Parks NT had hoped to reinstate a 4WD track, but when its chopper-filmed footage unveiled more than expected, volunteers came aboard.
“They [Parks NT] found some most attractive waterholes, and sought the assistance of 4WD NT to find a way to get at them,” explained Mal Stewart, president of 4WD Northern Territory.
A MULTI-CLUB EFFORT
4WD Northern Territory is an umbrella organisation for 4WD clubs in the Territory. And, as the state-wide chair, it was Mal’s job to co-ordinate the clubs’ activities. Collaboratively, volunteers sniffed out the tracks, pouring over the footage, satellite imagery and pastoralist documentation before locking in hubs.

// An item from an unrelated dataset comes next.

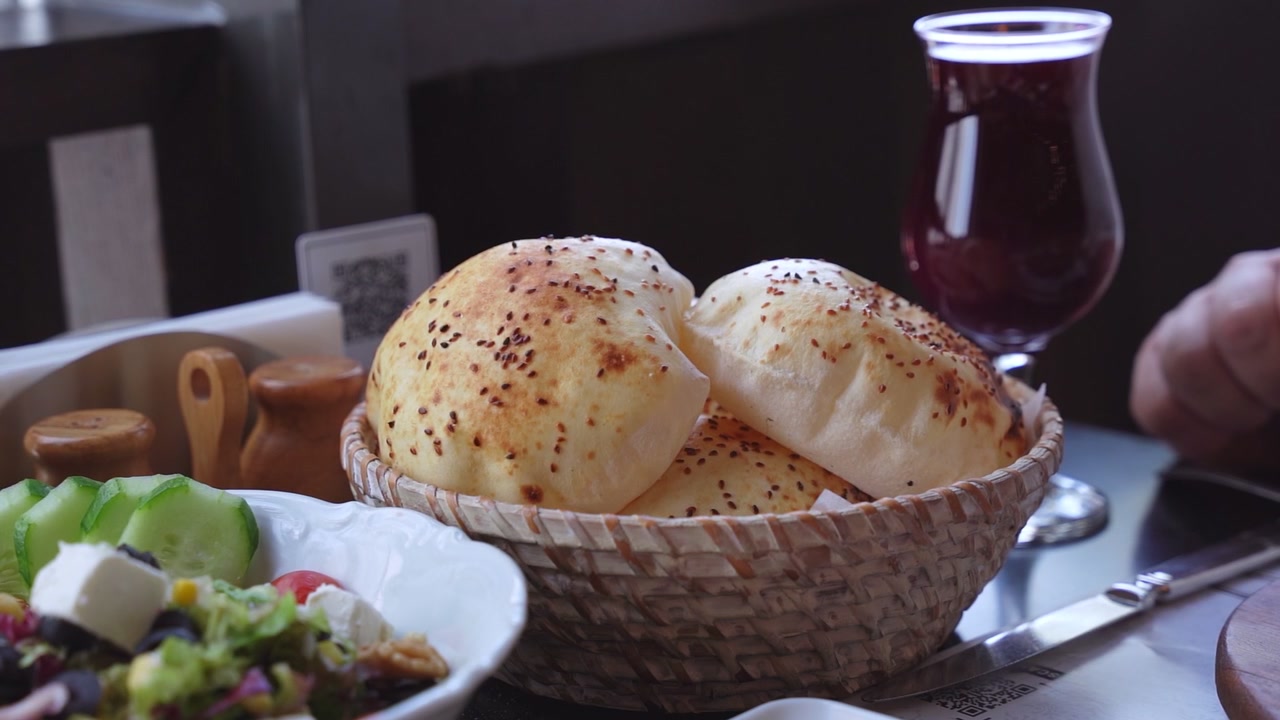 Close up of warm sesame-seeded flatbread in a wicker basket served with a fresh feta salad and a cold red fruit juice in a restaurant. Professional hospitality and culinary lifestyle footage.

“It was certainly a very exciting time–they [the tracks] really were uncharted for the past 30, 40 or 50 years,” Mal explains.
THE NEW 4WD TRACKS IN THE LITCHFIELD CENTRAL VALLEY
The four-year exploration project yielded amazing results.

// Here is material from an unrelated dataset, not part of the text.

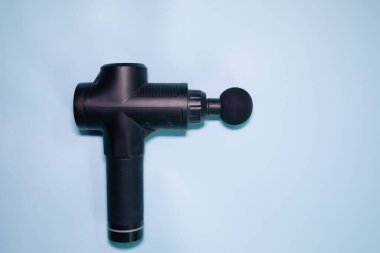 Machine for body massage on blue background. Massage gun.  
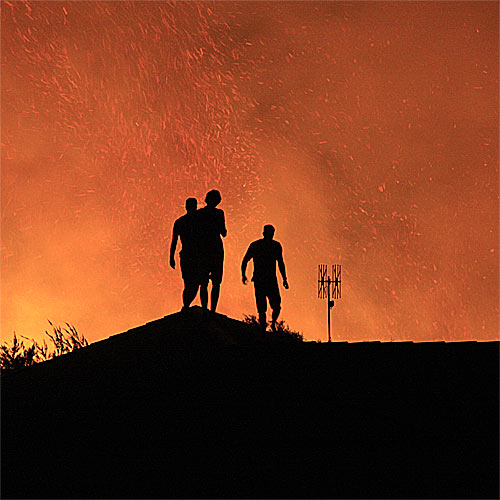 Taking photos of a fire, or any disaster for that matter, isn't in anyone's best interests Taking photos of a fire, or any disaster for that matter, isn't in anyone's best interests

“There is one main track now to access the East Branch of the Reynolds River, and a few side tracks to a cluster of waterfalls, gorges and a very attractive spring,” said Mal.
Although subject to a lot of work, and perhaps a little gravel, the tracks will remain 4WD.
The access track to the high country leads to an escarpment, which presented a very challenging descent and accent to and from the valley below.
“Many vehicles both from the 4WD clubs and Parks NT have had to be winched up the slope,” said Mal. “Just this section of the track will be bitumised as it would otherwise become completely un-drivable.”
RECLAIMED BY NATURE
Surprisingly, the clubs found little evidence of the former pastoral activities during exploration with sections reclaimed by dense forest.
“Other places consisted of sandy soil a bit of grass,” said Mal.
In some cases, mature trees had taken root within the tracks.
“It was quite extensive. It took many trips. At times we had to re-chart the course, recheck the facts, but we did it.”
FINDING STEWART’S ‘CRYSTAL SPRINGS’
Although thought to be a watercourse, the pristine bubbling crystal spring uncovered amid dense forest surpassed everyone’s expectations.
“The spring just comes out of the ground on a flat area, and you can drive around the outside of it. And it’s just the right temperature, too. The perfect temperature for a spring,” said Mal.
And right now, they are the springs with no name.
“As far as I know, none of it is named,” laughed Mal.
“That’s up to Parks … [but] when we camped at the spring we named it Crystal Springs.”
ABOUT TURBOCHARGING TOURISM
The new 18km of 4WD tracks in Litchfield Central Valley form stage 1 of the NT Government’s $17.5 million Turbocharging Tourism package, with stage 2 to include campgrounds, mountain bike trails, car parking and picnic areas.